More on Children (Samples)

A sample submitted to Thorium as a result of running a Thorium reaction on another sample (the so-called "parent") is called a "child."

Origin Metadata for Children

Like any sample, children can have Origins to help identify where it came from later. Because children are submitted by the Thorium Agent automatically once a tool completes, it's the tool's responsibility to encode origin information by placing children in the origins' respective directories (see the table in Output Collection) for the Agent to collect from.

In most cases, the Agent can infer origin metadata just from the placement of children by origin directory as well as from context on how the Agent was run (e.g. which tool is running on which sample/repo). For example, the Agent can submit children with the Source origin by collecting them from the source children directory (/tmp/thorium/children/source/ by default) and can infer metadata for the Source origin – namely parent repo, commitish, flags, build system, etc. – just from the context of how the tool was run.
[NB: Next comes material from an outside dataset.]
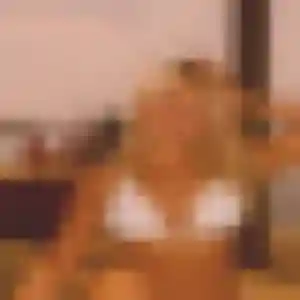 Découvre Barbara, 19 ans à Paris en privé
There are some cases, however, where the Agent cannot infer origin metadata beyond the origin type. These cases are detailed below.

Carved from PCAP

Thorium can save a lot of useful metadata about files carved from a PCAP (packet capture) sample beyond custom tags (see PCAP Origin for what kind of metadata can be saved). When manually uploading samples, it's easy to add this information in the Web UI or Thorctl. When the Thorium Agent uploads children files, though, it needs a place to look to grab this information your tool may have extracted.

The special place the Thorium Agent looks is in the thorium_pcap_metadata.json file in the CarvedPCAP origin sub-directory (/tmp/thorium/children/carved/pcap/ by default). This file should be a JSON map where the keys are children filenames (not absolute paths) and the values are the metadata to encode. An example thorium_pcap_metadata.json file could look like:

{
    "carved_from_pcap1.hmtl": {
        "src": "1.1.1.1",
        "dest": "2.2.2.2",
        "src_port": 80,
        "dest_port": 34250,
        "proto": "TCP",
        "url": "example.com"
    },
    "carved_from_pcap2.txt": {
        "src": "3.3.3.3",
        "dest": "4.4.4.4"
    }
}

The table in PCAP Origin lists the fields each child file may have. The thorium_pcap_metadata.json file is completely optional. If no metadata file is provided, all PCAP-carved children will still have the CarvedPCAP origin, just with no metadata beyond the parent SHA256, the tool that carved out the file, as well as any custom tags your tool sets.